Lee Harvey Oswald comparison doesn't work - There wasnt any question on whether Cho was the killer or not, he would have been positively ID'd by several students who saw his face clearly as he rampaged through their school - Whereas Oswald sniped the President from a distance, his killing was done in a matter of seconds from a distance. Plus there is a conspiracy theory about Oswald not being the killer for several reasons surrounding the fact that the victim was the PRESIDENT. Why would the media need to warp the story against Cho? He did it for himself. This is an open and shut case, whether he was a nice guy or not is totally ireelevant - He killed 32 innocent randomly selected people he'd probably never met before.
My comparison on L.H.O. wasn't on identification of shooters, thanks for quoting me out of context.

We don't know if Cho did it for himself, can anyone really say they knew what was going on in the mind of Cho as a young child, or five years ago, or five months ago, or five minutes before the first shooting.
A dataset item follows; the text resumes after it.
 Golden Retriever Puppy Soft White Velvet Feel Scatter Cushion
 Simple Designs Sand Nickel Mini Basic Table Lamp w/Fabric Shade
Just because he wrote a few very harsh papers symbolizing hatred towards a father figure and a teacher figure doesn't really provide substational evidence to say we know what was going on inside his head.

I'm might be going out on a limb here, but I'm sure people say such harsh things too in journals/diaries. Should we go report them because their a shady figure and we snooped around their items? Where does the right to privacy come into play. I took a screen writing class and some kids wrote horrible stuff on girlfriend/boyfriend situations which involved mutilation and retaliation, some of those kids were shady figures too (shy and kept to themselves). Aside from it being a creative writing class, shouldn't they also feel that sense of privacy when writing stuff.

I wonder if Cho's family wanted those papers given to the media, or if the school violated his privacy rights and gave them out. Granted this is involving state and federal investigation, does the public really need to see those things word for word? Or are we part of a guinea pig scheme to take and swallow what's given to us without question.

If he being a nice guy or not is irrelevant, why bother to judge him? Why bother to post his English papers? As you said, he murdered innocent people, that's all we as the general public need to know.

As I said before, only the families of the victims will get a more in-depth knowledge of what went down.